Discrete Distribution on C# Objects

In this lesson, we will learn how to apply discrete distribution on C# objects, and write a wrapper class for it.

In the previous lesson, we showed how we could implement more of the standard, straightforward probability distributions, like the Bernoulli distribution.


Uniformly Choosing Between Objects

Typically when we are working on a line-of-business program, we’re working on objects that are meaningful in that line of business, and not necessarily on integers. Just to pick an example, suppose we want to uniformly choose between a cat, a dog, and a goldfish:

using SDU = StandardDiscreteUniform;
...
var animals = new List<Animal>()
  { new Cat(), new Dog(), new Goldfish() };

Traditionally, as we noted a while back, we’d write some mechanism-heavy code like:

var choice = animals[random.Next(0, animals.Length)];

Now, we sincerely hope you’re not satisfied with:

var choice = animals[SDU.Distribution(0, animals.Length-1).Sample()];

The problem here is that we’ve failed to push the “mechanism” code into a helper class, so let’s do that:

// This is wrong!
public sealed class DiscreteUniform<T> : IDiscreteDistribution<T>
{
  private readonly SDU sdu;
  private readonly List<T> support;
  public static DiscreteUniform<T> Distribution(IEnumerable<T> items) => new DiscreteUniform<T>(items);

  private DiscreteUniform(IEnumerable<T> items)
  {
    this.support = items.ToList();
    this.sdu = SDU.Distribution(0, support.Count – 1);
  }

  public IEnumerable<T> Support() => support;
  public T Sample() => support[sdu.Sample()];
  public int Weight(T t) => this.support.Contains(t) ? 1 : 0;
  public override string ToString() =>
    $"DiscreteUniform[{string.Join(",", support)}]";
}

Exercise: That code is wrong in a number of ways; what are they? Give it some thought and then click on Show Hint.

Fixing Problems

We’ll fix all these problems in our final implementation at the bottom of this lesson.

Suppose we’ve managed to fix the problems identified above. We now create a helper method:

public static IDiscreteDistribution<T> ToUniform<T>(this IEnumerable<T> items) =>
  DiscreteUniform<T>.Distribution(items);

And now our proposed code is much nicer:

var animals = new List<Animal>()
  { new Cat(), new Dog(), new Goldfish() };

var choice = animals.ToUniform().Sample();

That looks much nicer, but… it still does not look perfect.
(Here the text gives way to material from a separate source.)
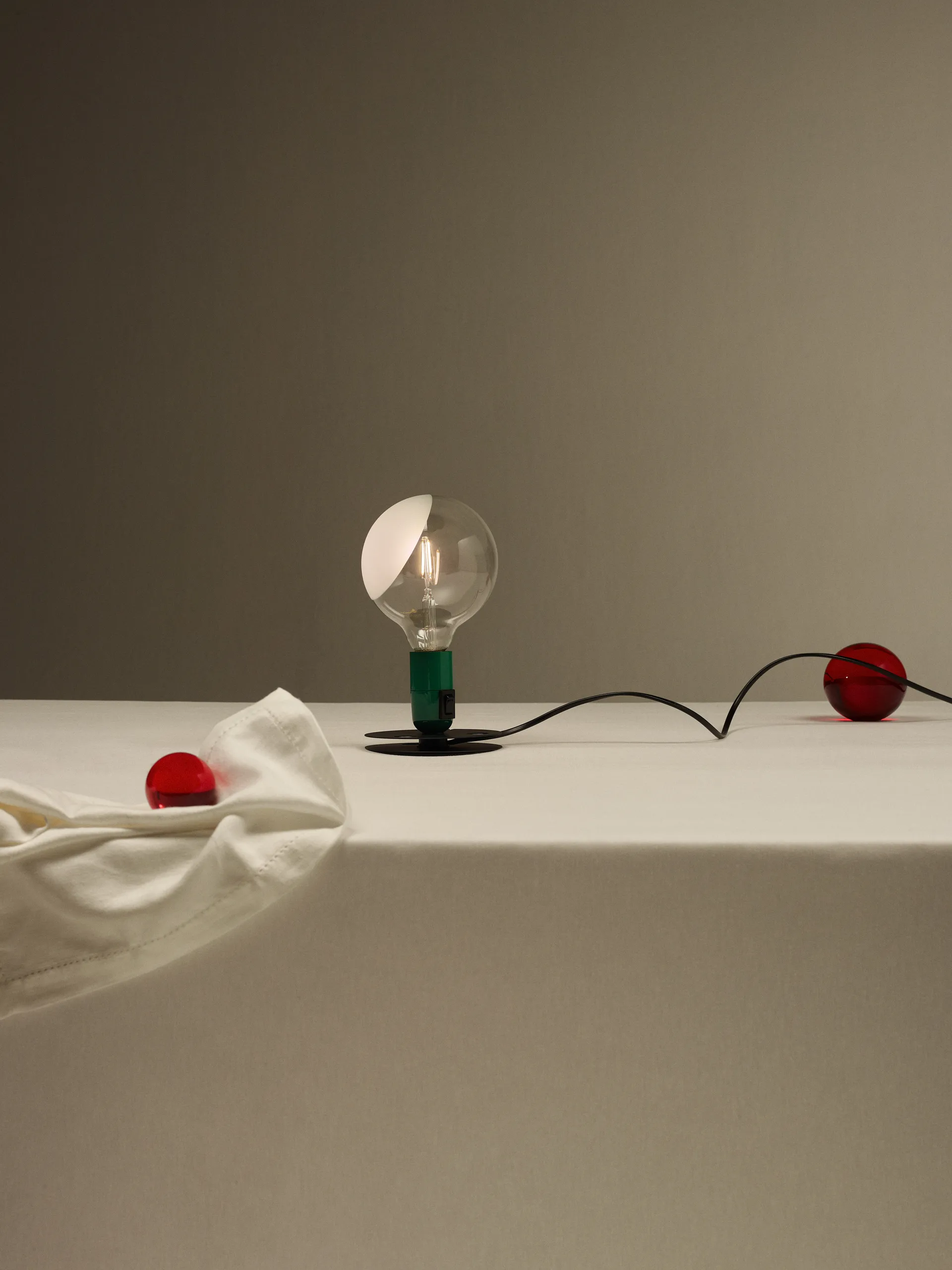Lampa stołowa Lampadina, Zielony Flos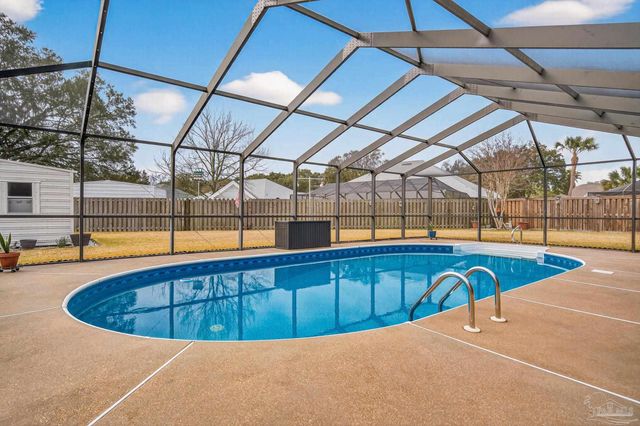 2230 Dovefield Dr, Pensacola, FL 32534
The call site is better with a readable fluent extension method but we have built yet another single-purpose wrapper class. This wrapper class is only good for making a uniform distribution of an arbitrary sequence. Suppose we have a non-uniform distribution of integers from 00 to nn — say, a binomial distribution — and we want to map a list of animals to that distribution; am I going to have to write a “binomial distribution on sequence” class that duplicates almost all the logic of the wrapper class above?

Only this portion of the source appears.